Records shown.
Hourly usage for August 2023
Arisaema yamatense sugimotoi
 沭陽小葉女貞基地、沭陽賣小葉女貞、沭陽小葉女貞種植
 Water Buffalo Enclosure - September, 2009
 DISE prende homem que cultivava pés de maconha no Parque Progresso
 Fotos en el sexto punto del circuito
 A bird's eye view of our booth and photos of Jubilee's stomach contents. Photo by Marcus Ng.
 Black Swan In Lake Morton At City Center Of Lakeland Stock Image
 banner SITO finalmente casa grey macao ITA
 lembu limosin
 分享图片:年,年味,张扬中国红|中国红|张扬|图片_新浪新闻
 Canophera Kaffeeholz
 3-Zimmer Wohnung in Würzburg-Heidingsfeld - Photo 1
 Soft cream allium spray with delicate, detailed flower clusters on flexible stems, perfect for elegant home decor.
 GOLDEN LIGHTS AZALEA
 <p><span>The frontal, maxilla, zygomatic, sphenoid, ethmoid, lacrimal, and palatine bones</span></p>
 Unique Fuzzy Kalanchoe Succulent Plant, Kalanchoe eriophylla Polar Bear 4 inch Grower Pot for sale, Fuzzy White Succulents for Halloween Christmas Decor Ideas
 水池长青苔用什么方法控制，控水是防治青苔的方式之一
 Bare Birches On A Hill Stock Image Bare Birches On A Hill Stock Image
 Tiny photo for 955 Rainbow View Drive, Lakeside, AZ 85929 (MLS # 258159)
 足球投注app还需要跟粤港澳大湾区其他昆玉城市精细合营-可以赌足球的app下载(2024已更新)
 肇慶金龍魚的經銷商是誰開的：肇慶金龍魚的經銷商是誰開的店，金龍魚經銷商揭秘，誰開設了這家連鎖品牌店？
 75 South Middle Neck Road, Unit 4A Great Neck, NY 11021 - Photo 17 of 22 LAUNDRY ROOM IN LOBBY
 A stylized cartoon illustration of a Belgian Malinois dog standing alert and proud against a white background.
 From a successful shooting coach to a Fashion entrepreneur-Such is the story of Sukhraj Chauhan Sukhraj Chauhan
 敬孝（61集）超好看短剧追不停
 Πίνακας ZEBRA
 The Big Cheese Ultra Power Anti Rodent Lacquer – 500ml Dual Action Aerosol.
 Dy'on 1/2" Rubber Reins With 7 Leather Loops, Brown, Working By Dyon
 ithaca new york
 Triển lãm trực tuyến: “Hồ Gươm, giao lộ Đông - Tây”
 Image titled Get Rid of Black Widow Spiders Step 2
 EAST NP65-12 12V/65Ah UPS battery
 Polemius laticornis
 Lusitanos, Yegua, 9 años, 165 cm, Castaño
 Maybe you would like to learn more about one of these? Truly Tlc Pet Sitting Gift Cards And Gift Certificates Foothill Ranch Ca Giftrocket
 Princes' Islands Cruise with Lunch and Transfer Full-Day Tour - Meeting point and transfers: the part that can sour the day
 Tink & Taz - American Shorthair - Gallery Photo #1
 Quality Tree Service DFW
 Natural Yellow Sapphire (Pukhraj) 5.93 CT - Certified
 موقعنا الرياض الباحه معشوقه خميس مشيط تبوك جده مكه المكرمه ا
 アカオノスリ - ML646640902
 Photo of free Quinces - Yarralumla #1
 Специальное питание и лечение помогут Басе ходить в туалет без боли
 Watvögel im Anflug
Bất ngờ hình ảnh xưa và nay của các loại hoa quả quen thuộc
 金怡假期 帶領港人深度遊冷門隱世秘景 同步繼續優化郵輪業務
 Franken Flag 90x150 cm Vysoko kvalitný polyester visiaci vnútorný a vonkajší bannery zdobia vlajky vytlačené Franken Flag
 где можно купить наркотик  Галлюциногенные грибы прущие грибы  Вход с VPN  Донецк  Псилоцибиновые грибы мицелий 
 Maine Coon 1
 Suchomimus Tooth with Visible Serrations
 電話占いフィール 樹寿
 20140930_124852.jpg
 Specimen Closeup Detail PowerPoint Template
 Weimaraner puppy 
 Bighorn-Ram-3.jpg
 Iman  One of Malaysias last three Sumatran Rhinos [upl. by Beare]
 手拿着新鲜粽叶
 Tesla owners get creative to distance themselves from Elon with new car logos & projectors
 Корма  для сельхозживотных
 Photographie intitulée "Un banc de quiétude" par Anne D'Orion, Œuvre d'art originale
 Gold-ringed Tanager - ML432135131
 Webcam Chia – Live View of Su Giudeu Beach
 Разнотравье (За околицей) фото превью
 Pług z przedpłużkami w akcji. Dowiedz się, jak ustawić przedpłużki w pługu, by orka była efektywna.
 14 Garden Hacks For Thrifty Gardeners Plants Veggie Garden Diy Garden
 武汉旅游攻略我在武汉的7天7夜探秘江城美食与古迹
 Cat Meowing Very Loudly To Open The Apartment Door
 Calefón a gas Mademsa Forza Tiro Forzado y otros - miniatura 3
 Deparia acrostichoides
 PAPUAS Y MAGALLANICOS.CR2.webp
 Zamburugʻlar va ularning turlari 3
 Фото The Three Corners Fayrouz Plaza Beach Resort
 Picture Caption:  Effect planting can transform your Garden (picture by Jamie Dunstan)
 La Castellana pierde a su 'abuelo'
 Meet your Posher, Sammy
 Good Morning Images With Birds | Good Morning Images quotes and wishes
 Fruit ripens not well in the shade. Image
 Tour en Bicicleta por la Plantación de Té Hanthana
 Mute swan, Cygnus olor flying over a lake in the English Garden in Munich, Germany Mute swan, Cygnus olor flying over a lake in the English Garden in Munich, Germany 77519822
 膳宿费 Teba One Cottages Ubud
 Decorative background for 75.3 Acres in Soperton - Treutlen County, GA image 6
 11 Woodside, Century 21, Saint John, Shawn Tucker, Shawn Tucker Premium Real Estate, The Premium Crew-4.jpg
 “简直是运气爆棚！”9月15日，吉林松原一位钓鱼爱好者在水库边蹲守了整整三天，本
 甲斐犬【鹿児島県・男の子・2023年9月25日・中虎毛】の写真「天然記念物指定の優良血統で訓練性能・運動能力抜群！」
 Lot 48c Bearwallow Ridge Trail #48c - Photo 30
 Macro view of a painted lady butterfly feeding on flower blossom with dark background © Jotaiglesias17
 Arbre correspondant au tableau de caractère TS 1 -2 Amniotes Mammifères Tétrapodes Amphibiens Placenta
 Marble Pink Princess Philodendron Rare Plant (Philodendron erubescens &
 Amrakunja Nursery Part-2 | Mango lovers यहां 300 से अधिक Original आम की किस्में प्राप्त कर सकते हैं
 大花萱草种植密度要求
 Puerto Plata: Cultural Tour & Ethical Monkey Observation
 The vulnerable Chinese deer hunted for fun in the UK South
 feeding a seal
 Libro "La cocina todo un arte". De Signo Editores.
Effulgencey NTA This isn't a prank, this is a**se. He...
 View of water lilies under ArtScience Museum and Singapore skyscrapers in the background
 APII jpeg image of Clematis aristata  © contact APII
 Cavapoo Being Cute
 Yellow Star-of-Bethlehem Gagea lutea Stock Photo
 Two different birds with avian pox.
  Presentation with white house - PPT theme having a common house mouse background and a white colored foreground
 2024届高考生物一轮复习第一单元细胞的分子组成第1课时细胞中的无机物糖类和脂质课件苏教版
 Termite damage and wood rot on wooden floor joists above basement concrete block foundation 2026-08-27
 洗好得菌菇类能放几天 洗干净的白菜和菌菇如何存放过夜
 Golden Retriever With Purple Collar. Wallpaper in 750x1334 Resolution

Task brief. Please reproduce exactly the lines from the first one of the records above through the line containing "Triển lãm trực", both included, and nothing else.

Your response.
Hourly usage for August 2023
Arisaema yamatense sugimotoi
 沭陽小葉女貞基地、沭陽賣小葉女貞、沭陽小葉女貞種植
 Water Buffalo Enclosure - September, 2009
 DISE prende homem que cultivava pés de maconha no Parque Progresso
 Fotos en el sexto punto del circuito
 A bird's eye view of our booth and photos of Jubilee's stomach contents. Photo by Marcus Ng.
 Black Swan In Lake Morton At City Center Of Lakeland Stock Image
 banner SITO finalmente casa grey macao ITA
 lembu limosin
 分享图片:年,年味,张扬中国红|中国红|张扬|图片_新浪新闻
 Canophera Kaffeeholz
 3-Zimmer Wohnung in Würzburg-Heidingsfeld - Photo 1
 Soft cream allium spray with delicate, detailed flower clusters on flexible stems, perfect for elegant home decor.
 GOLDEN LIGHTS AZALEA
 <p><span>The frontal, maxilla, zygomatic, sphenoid, ethmoid, lacrimal, and palatine bones</span></p>
 Unique Fuzzy Kalanchoe Succulent Plant, Kalanchoe eriophylla Polar Bear 4 inch Grower Pot for sale, Fuzzy White Succulents for Halloween Christmas Decor Ideas
 水池长青苔用什么方法控制，控水是防治青苔的方式之一
 Bare Birches On A Hill Stock Image Bare Birches On A Hill Stock Image
 Tiny photo for 955 Rainbow View Drive, Lakeside, AZ 85929 (MLS # 258159)
 足球投注app还需要跟粤港澳大湾区其他昆玉城市精细合营-可以赌足球的app下载(2024已更新)
 肇慶金龍魚的經銷商是誰開的：肇慶金龍魚的經銷商是誰開的店，金龍魚經銷商揭秘，誰開設了這家連鎖品牌店？
 75 South Middle Neck Road, Unit 4A Great Neck, NY 11021 - Photo 17 of 22 LAUNDRY ROOM IN LOBBY
 A stylized cartoon illustration of a Belgian Malinois dog standing alert and proud against a white background.
 From a successful shooting coach to a Fashion entrepreneur-Such is the story of Sukhraj Chauhan Sukhraj Chauhan
 敬孝（61集）超好看短剧追不停
 Πίνακας ZEBRA
 The Big Cheese Ultra Power Anti Rodent Lacquer – 500ml Dual Action Aerosol.
 Dy'on 1/2" Rubber Reins With 7 Leather Loops, Brown, Working By Dyon
 ithaca new york
 Triển lãm trực tuyến: “Hồ Gươm, giao lộ Đông - Tây”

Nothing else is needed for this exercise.